Current reality (2026-04-21)
SELECT stream, COUNT(*) FROM records WHERE connector_id LIKE '%amazon' AND deleted=0 GROUP BY stream;
-- (empty — 0 records)
Amazon has never successfully landed records. The connector code exists and syntax-checks; ensureAmazonSession handles login + OTP via INTERACTION; the orders list page parser exists. What's missing is a successful end-to-end run.
The account-identity blocker from the original scope note ("2FA on wife's phone") was resolved 2026-04-21: Tim switched to his wife's primary Amazon account. The login path is now unblocked in principle; awaits the first live run.
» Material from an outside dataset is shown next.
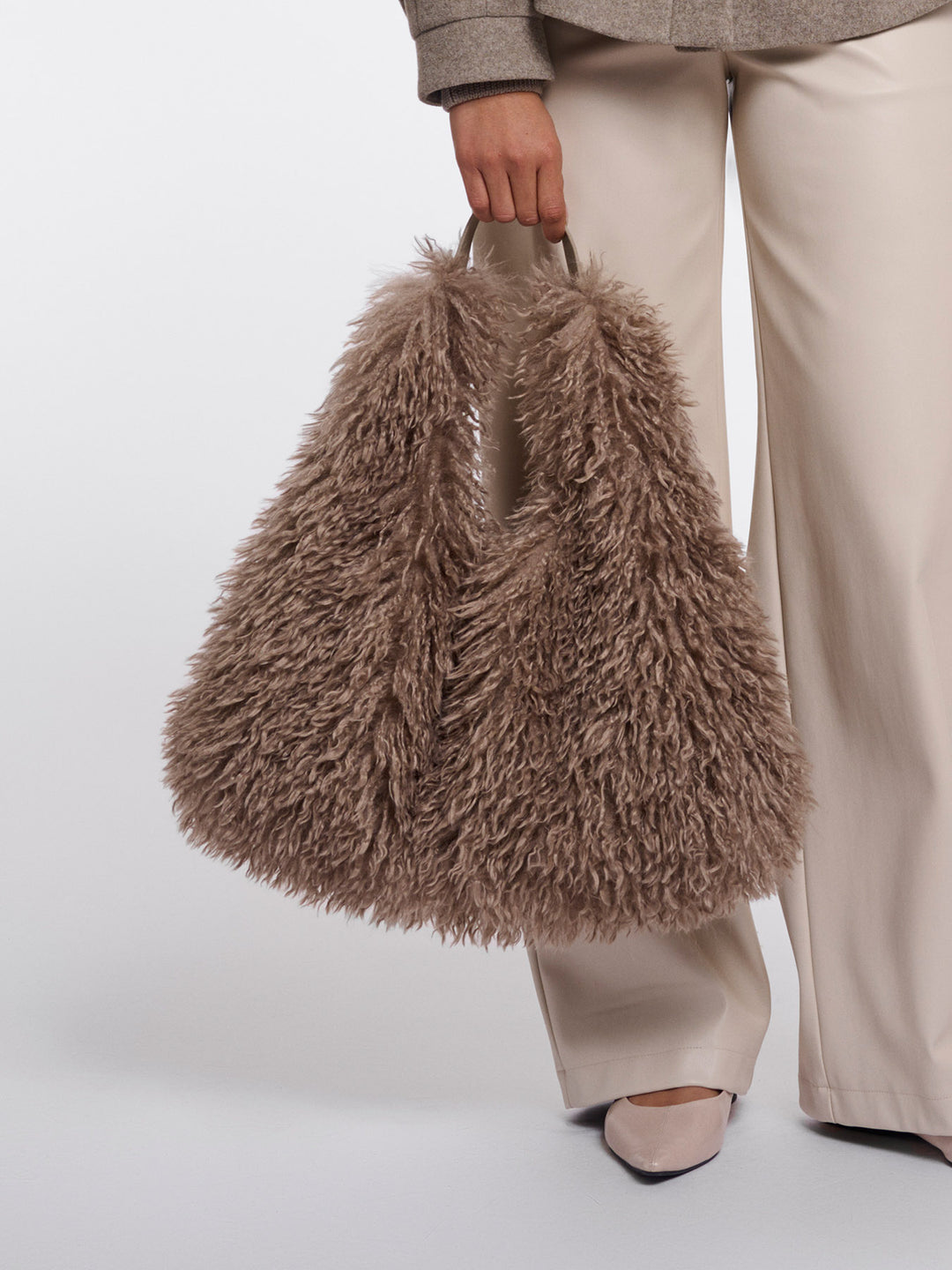 Fake Fur Shoulderbag Mocha Latte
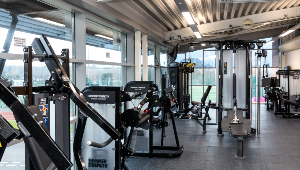 Photograph of gym machines from Walsall campus including cable, biceps and triceps machines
Why I didn't run Amazon tonight
- Amazon's persistent-device fingerprint: earlier tonight's wipe-then-retry probe showed Amazon silently re-authenticated without 2FA because the daemon profile's Chrome fingerprint is trusted. Running a fresh probe on the current profile would just confirm it still works — it wouldn't exercise the 2FA flow that Tim wants tested.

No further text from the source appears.